-Swoją drogą, viekawe czy żyje...-poszedł ba strzelnicę, powinna tu być.
No i co, zaczął trenować strzelanie.
Właściciel
Trafiałeś głównie w okolice klatki piersiowej, ale jak na pilota to bardzo dobrze.
Stara się wyczuć swoje bicie serca, uspokaja oddech, w przerwach bicia serca strzela w serce wroga.
Właściciel
Teraz strzały padają bliżej serca ewentualnego napastnika.
Przestaje strzelać, uspokaja się, uspokaja bicie serca i seriami po 3.
Właściciel
Są już lepsze rezultaty, ale nie urywają czterech liter.
Poszedł poszukać eskadry.
Właściciel
Są pewnie w swoich kwaterach.
Właściciel
Metodą prób i błędów trafiłeś w końcu do pokoju jednego z pilotów.
-Za pięć minut przy maszynach. Zawiadom resztę.
Właściciel
Poszedł zawiadomić resztę.
I Lando poszedł do myśliwców.
Właściciel
Po chwili oczekiwania przybyli piloci.
-No dobra panie i panienki, dzisiaj poznamy swoje maszyny od poszewkki. Cxyli gdzie co i jak.
Właściciel
Niezbyt ich tym zachwyciłeś, bo w końcu musieli nauczyć się serwisować maszyny w przydomowych warsztatach, ale dodatkowa nauka zawsze się przyda, nie?
-Wyobraźcie sobie, że musicie wylądować awaryjnie na jakiejś obcej planecie i nie macie pojęcia, co się stało. Dlatego ważne jest poznanie swojej maszyny. Na początek- co ma pod maską-uchyla pokrywę jakiegoś silnika i pokazuje im, co i jak.
I tak dalej do każdego elmentu X-skrzydłowca (tłumaczenia w Empire at War powalają...).
Właściciel
//Nie bardziej niż teksty postaci...
"Zostaniecie zniszczeni na zawsze." - Darth Vader podczas ataku na rebelianckie ścierwa.
A co?

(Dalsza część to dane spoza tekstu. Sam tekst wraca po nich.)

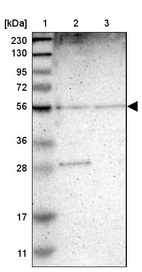 Anti-MFSD13A Antibody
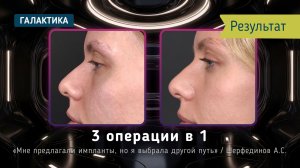 Четверо детей, липофилинг груди и ринопластика | Результат спустя почти 2 года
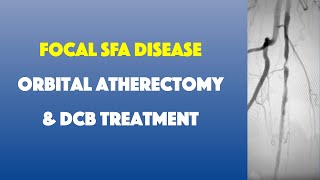 Focal SFA Disease Treated with Orbital Atherectomy and DCB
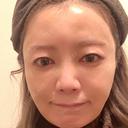 糸リフト / 脂肪吸引（顔） / 下まぶたたるみ取り / 眉下切開 / 脂肪注入（額） / 脂肪注入（輪郭） e:Top clinic（イートップクリニック） DAY 10 サムネイル用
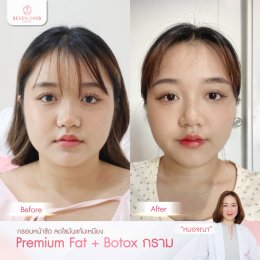 รีวิว Fat Face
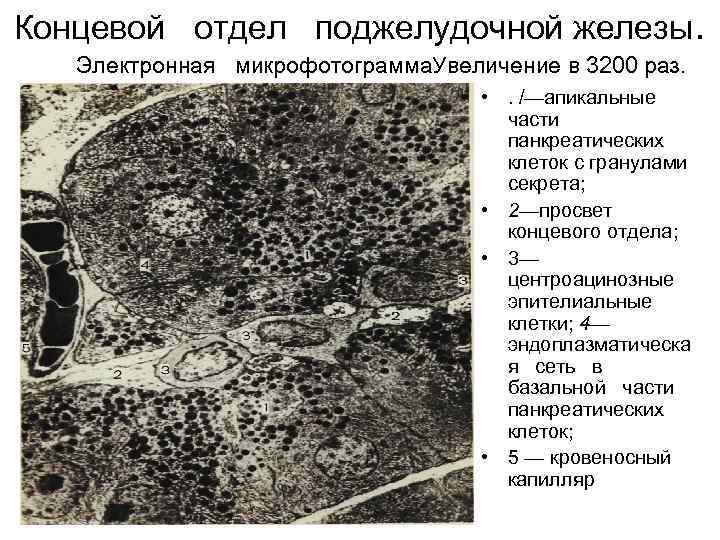 Электронная схема железа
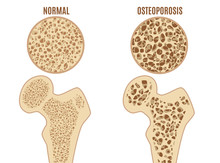 Cartoon Color Osteoporosis Bones Ad Poster Card. Vector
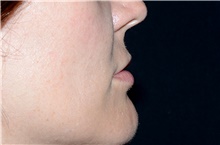 Lip Augmentation/Enhancement Before Photo by Landon Pryor, MD, FACS; Rockford, IL - Case 38764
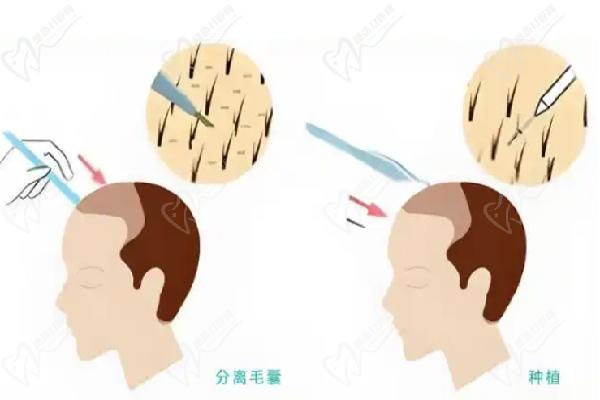 成都植发医院排名
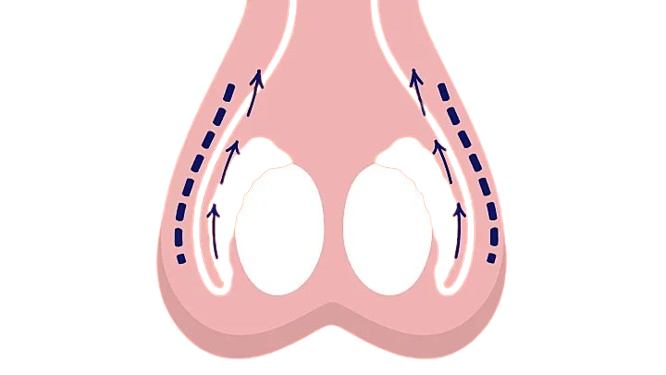 Lifting testicules tombants Tunisie prix abordables et pas cher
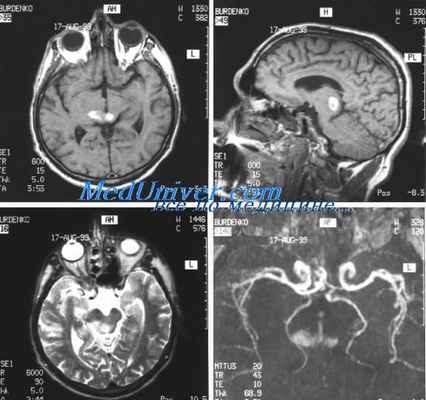 бактериальный менингит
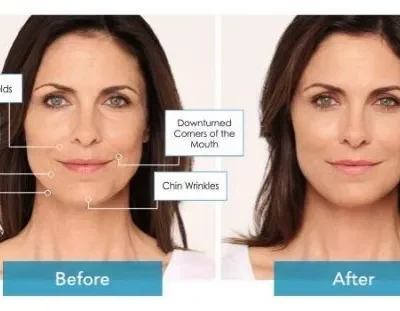 Radiesse Before and After | Luz MediSpa in Somers, NY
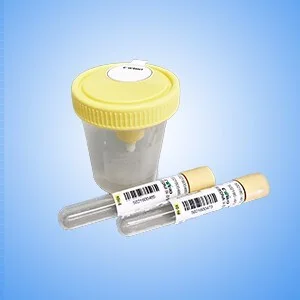 Urine DNA Storage Tube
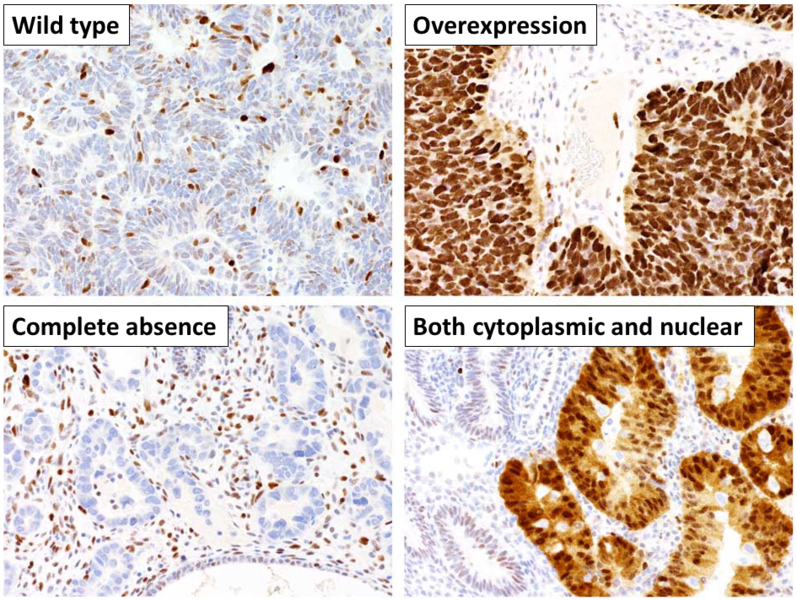 File:Patterns of p53 expression.png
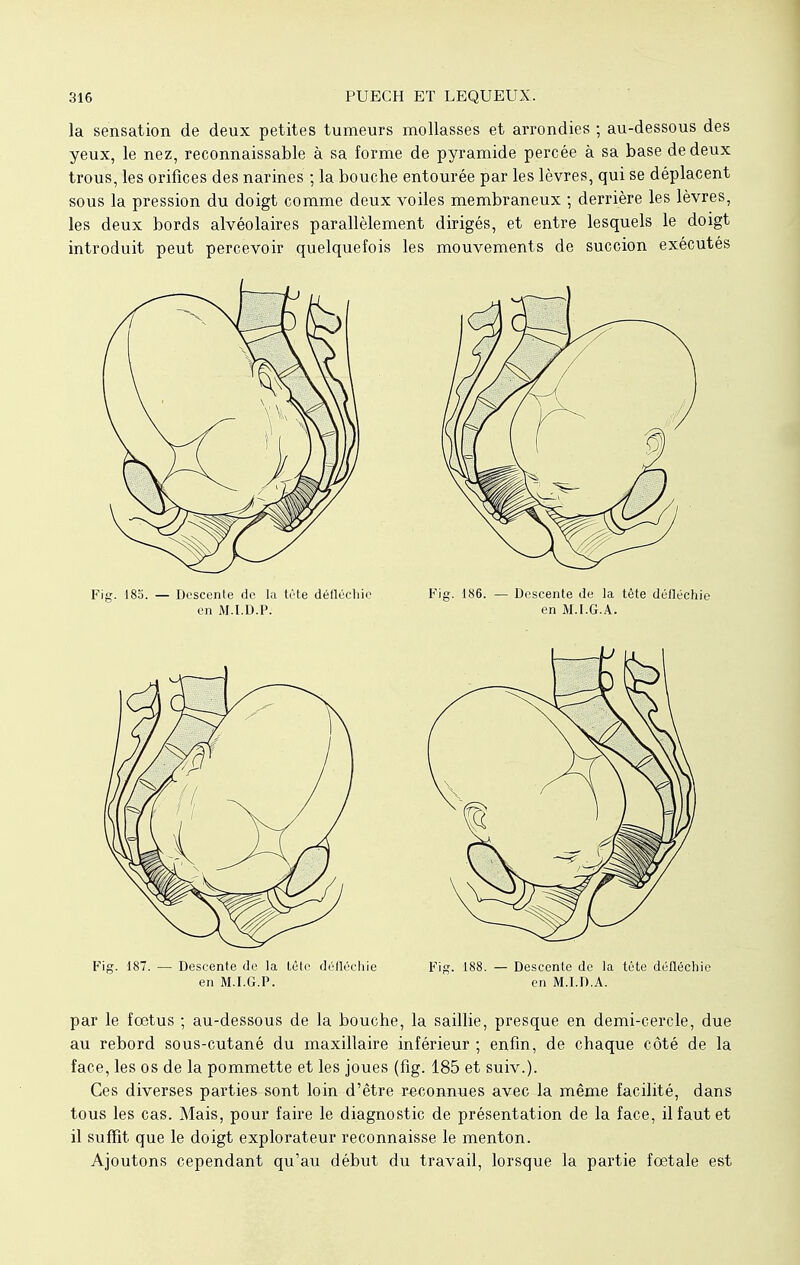 la sensation de deux petites tumeurs mollasses et arrondies ; au-dessous des yeux, le nez, reconnaissable à sa forme de pyramide percée à sa base de deux trous, les orifices des narines ; la bouche entourée par les lèvres, qui se déplacent sous la pression du doigt comme deux voiles membraneux ; derrière les lèvres, les deux bords alvéolaires parallèlement dirigés, et entre lesquels le doigt introduit peut percevoir quelquefois les mouvements de succion exécutés Fig. 18o. — Descente de la tète délléchic Fig. 186. — Descente de la tète défléchie en M.I.D.P. en M.I.G.A. Fig. 187. — Descente de la lètc défléchie Fig. 188. — Descente de la tète délléchic en M.I.G.P. en M.I.D.A. par le fœtus ; au-dessous de la bouche, la saillie, presque en demi-cercle, due au rebord sous-cutané du maxillaire inférieur ; enfin, de chaque côté de la face, les os de la pommette et les joues (fig. 185 et suiv.). Ces diverses parties sont loin d'être reconnues avec la même facilité, dans tous les cas. Mais, pour faire le diagnostic de présentation de la face, il faut et il suffit que le doigt explorateur reconnaisse le menton. Ajoutons cependant qu'au début du travail, lorsque la partie foetale est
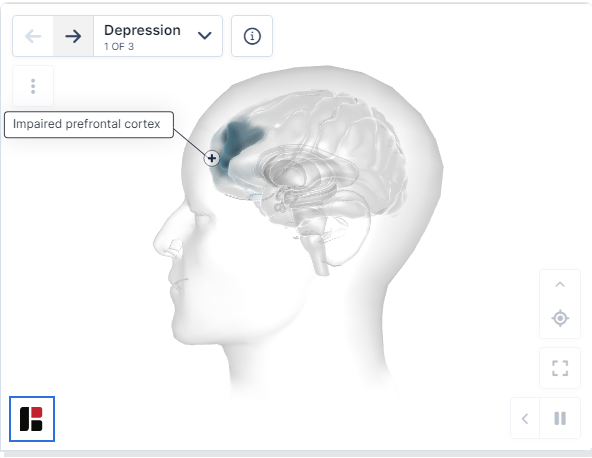 重度抑郁癥的特征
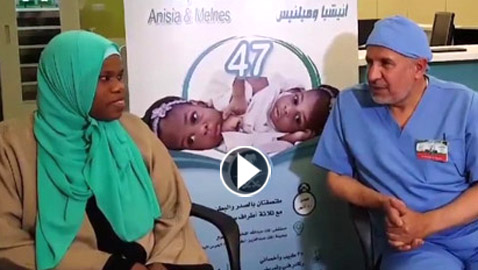 فيديو: والدة توأم سيامي تعلن اسلامها بعد نجاح طبيب سعودي بفصل توأمها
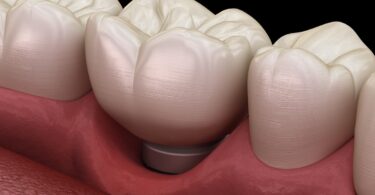 Um estudo analisou a prevalência e o risco de doenças como a mucosite dependendo do tipo de prótese colocada ao lado do implante dentário.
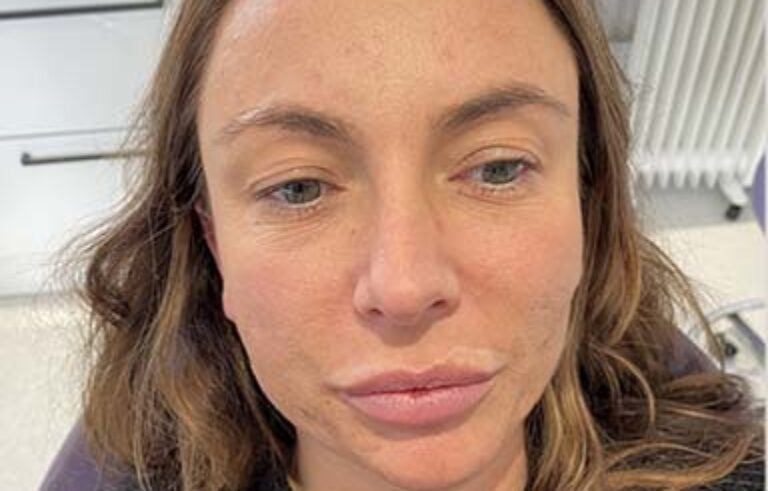 Before - Priyesh Lad Aesthetics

Można kogoś zniszczyć na chwilę?
"Użyć broni." - oddział grenadierów Konsorcjum po wydaniu komendy ataku.
No shit, Sherlock.//
I wytłumaczyłeś tak każdy element.
-Można takżę rozsynchronizować silniki, by utrzymać kurs i w miarę prędkość.
Właściciel
- A co z dyszami manewrowymi? - zapytał Czarny Cztery.
-Dysz manewrowych tak prosto nie naprawisz... Musisz mieć specjalistyczne narzędzia z tego co pamiętam... A niech mnie jakiś mechanik trzepnie, jeżeli gadam głupoty.
Właściciel
Przechodzący obok Rodianin usłyszał i wykonał polecenie na co eskadra odpowiedziała salwą śmiechu.
Rozcierając uderzone miejsce:
-Może zrobisz dokładnie wykład vo i jak... Ja wiem tylko, jak rozsynchronizować silniki, naprawić skrzydło, lotki, podwozie, naprawić przeciek lub zator paliwa, naprawić uszkodzenia broni, nieszczelności kabiny... Ale dysz to ja nawet nie tykam.
Właściciel
Rodianian odszedł, ale piloci przyznali, że to czego ich nauczyłeś powinno wystarczyć.
-No mniejsza... Nasza sytuacja jest stabilna... Koniec zajęć.
Właściciel
No więc koniec zajęć, ale piloci nie byli pewni czy to znaczy, że mogą odejść.
-A wy co tu jeszcze robicie?
Właściciel
Dopiero na te słowa rozbiegli się by wrócić do pokoi.
Sam też poszedł do pokoju.
Właściciel
Drogę pamiętałeś, więc trafiłeś tam bez problemów.
Właściciel
Medytowałeś i medytowałeś.
Postawił but na stole i tak samo, jak rano. Czyli koncentracja i przemieszczanie.
Właściciel
No więc skupienie, koncentracja i te sprawy, a but ani drgnie.
Usokaja się i Mocą stara się przywołać ten but do "porządku"
Właściciel
Uniosłeś go o kilka centymetrów.
Niezrażony dalej próbuje.
Właściciel
//Że wszystko od nowa, czy tylko tą ostatnią część?//
//Ostatnia część. I wtedy wchodzi dowódca Fregaty... Byłby przypał :V
Właściciel
Tym razem poszło nieco lepiej, bo upadł już niemal w zasięgu ręki.